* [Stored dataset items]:
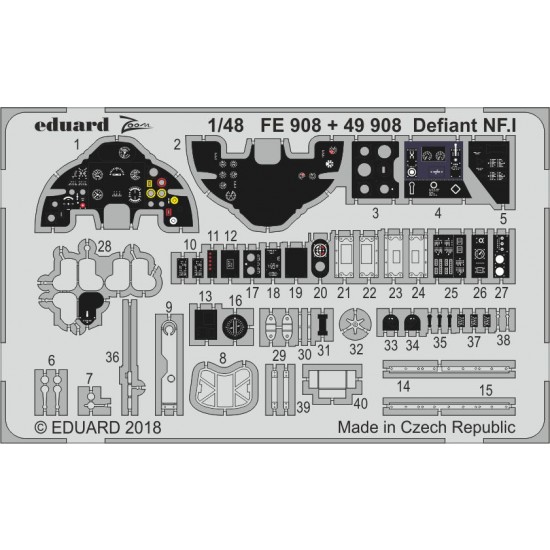 1/48 Defiant NF.I Detail-up set for Airfix kits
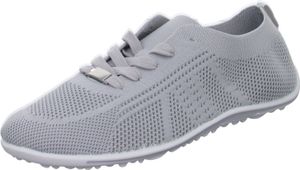 Alyssa Damen-Schnürhalbschuh-Barfußschuh Grau, Farbe:grau, EU Größe:41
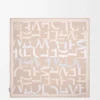 Scarf i silke Ljusbeige/beige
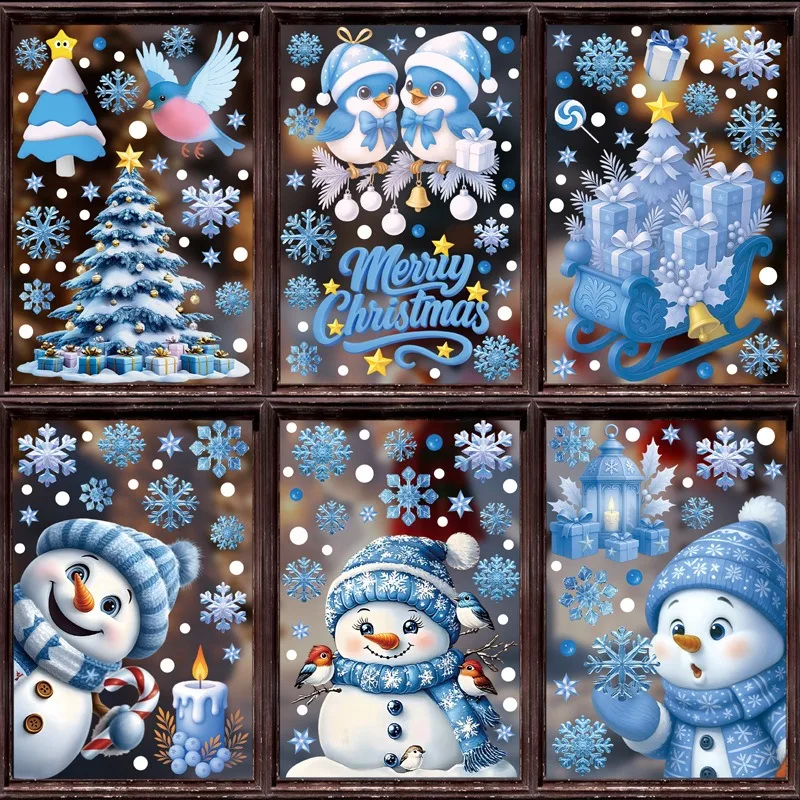 สติกเกอร์ติดกระจกคริสต์มาส ลาย - Snowflake Window Decal บทวิจารณ์และราคา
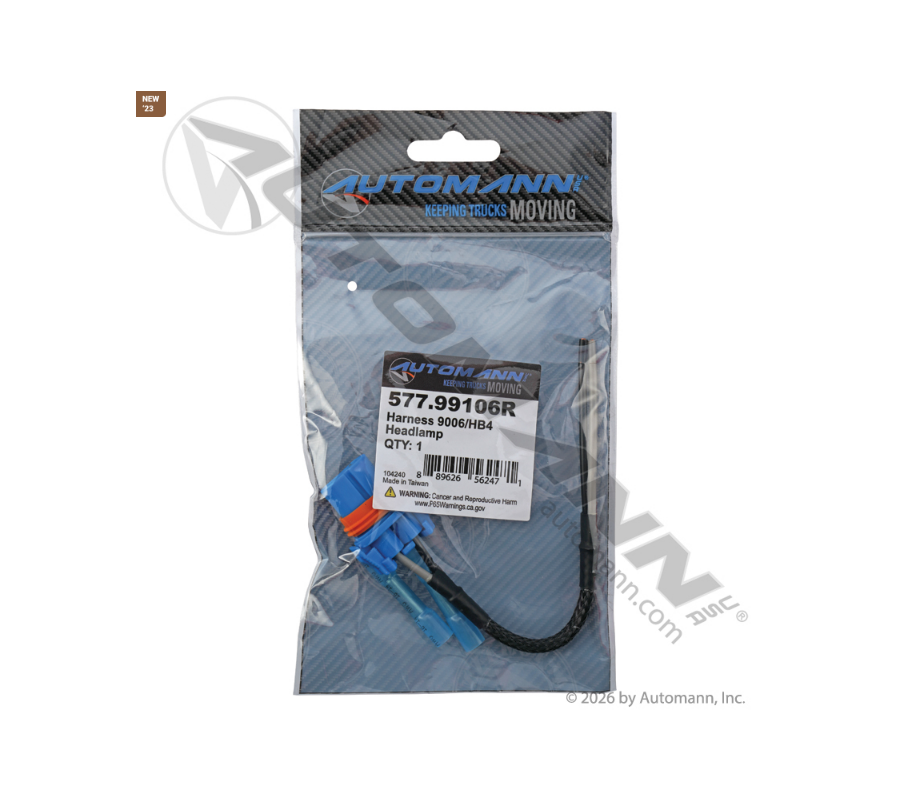577.99106R - Harness 9006/HB4 Headlamp, Ref. # 841038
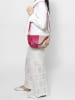 ROBERTA ROSSI Schultertasche in FUCHSIA AND ANTIQUE PINK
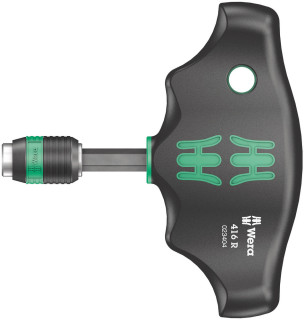 416 R T-handle bitholding screwdriver Rapidaptor, 1/4" x 45 mm, 05023404001 Wera main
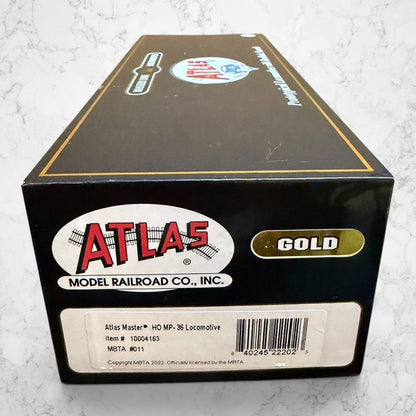 #1372 Atlas Master Gold HO Scale MBTA MP36PH-3C #011 – Item #10004163
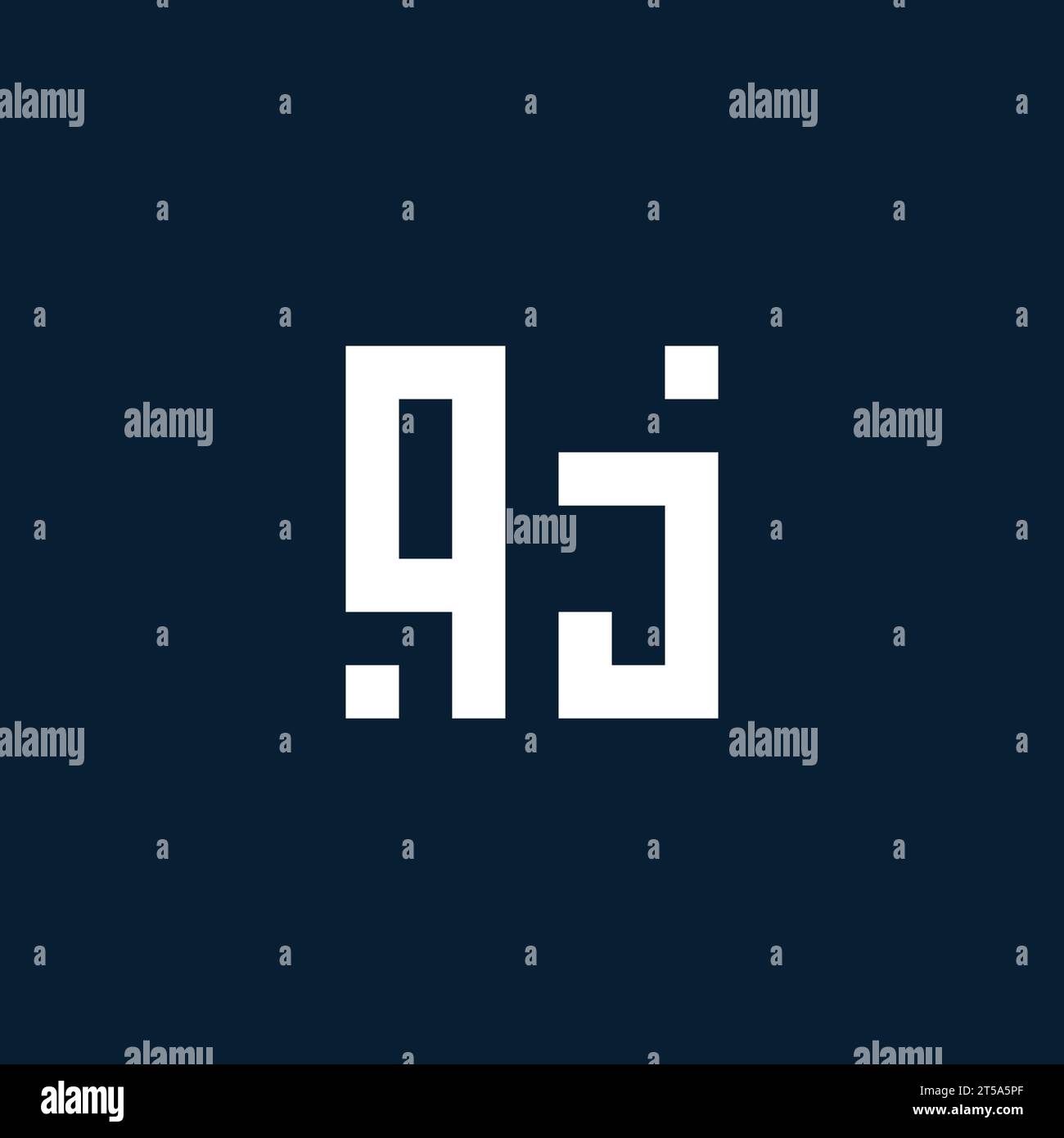 QJ initial monogram logo with geometric style design ideas Stock Vector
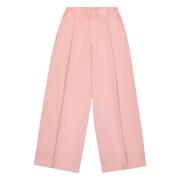 roze loszittende hoge taille broek Laneus , Pink , Dames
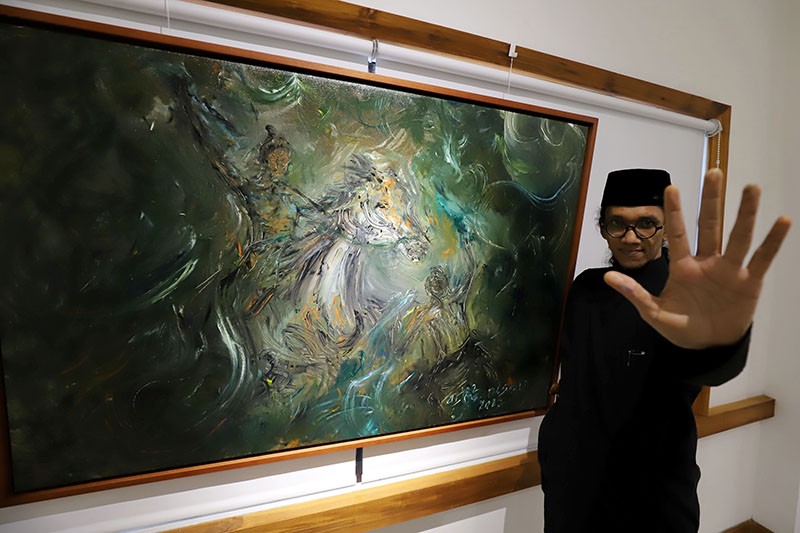 Merasakan Kedalaman Emosional dan Spiritual Lewat Lukisan Afit Ruseno - Bagian 2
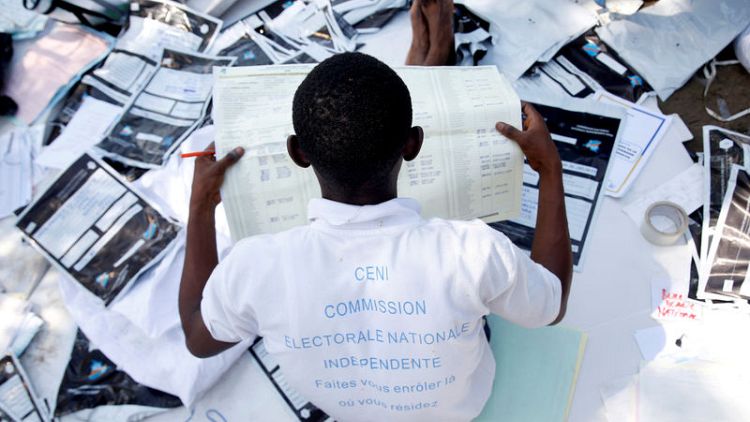 Congo government defends trouble-hit election process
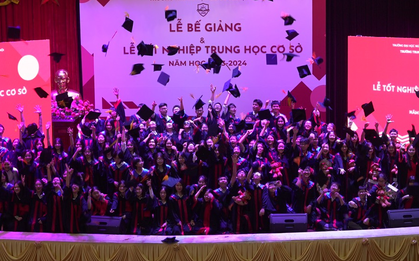 Một trường THCS ở Hà Nội mới thành lập 5 năm đã có năm tỷ lệ chọi 1/30: Học sinh được học 2 ngoại ngữ, không có bài tập về nhà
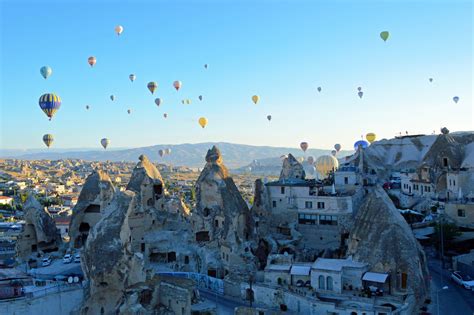 In Central Turkeys Cappadocia A Landscape Of Fairy Chimneys And Cave
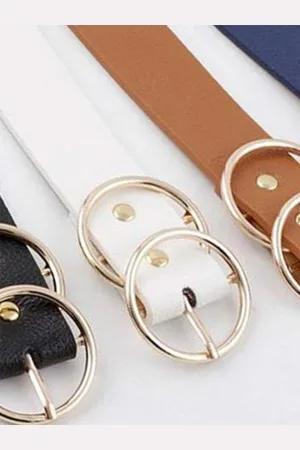 Lulala Women Push Pin Closure Belt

* [The task]: Would you copy out, exactly and with no pictures, only the lines above from the one that contains "สติกเกอร์ติดกระจกคริสต์มาส ลาย - Snowflake" through the one that contains "Congo government defends"?

* [Output of the task]:
 สติกเกอร์ติดกระจกคริสต์มาส ลาย - Snowflake Window Decal บทวิจารณ์และราคา
577.99106R - Harness 9006/HB4 Headlamp, Ref. # 841038
 ROBERTA ROSSI Schultertasche in FUCHSIA AND ANTIQUE PINK
 416 R T-handle bitholding screwdriver Rapidaptor, 1/4" x 45 mm, 05023404001 Wera main
 #1372 Atlas Master Gold HO Scale MBTA MP36PH-3C #011 – Item #10004163
 QJ initial monogram logo with geometric style design ideas Stock Vector
 roze loszittende hoge taille broek Laneus , Pink , Dames
 Merasakan Kedalaman Emosional dan Spiritual Lewat Lukisan Afit Ruseno - Bagian 2
 Congo government defends trouble-hit election process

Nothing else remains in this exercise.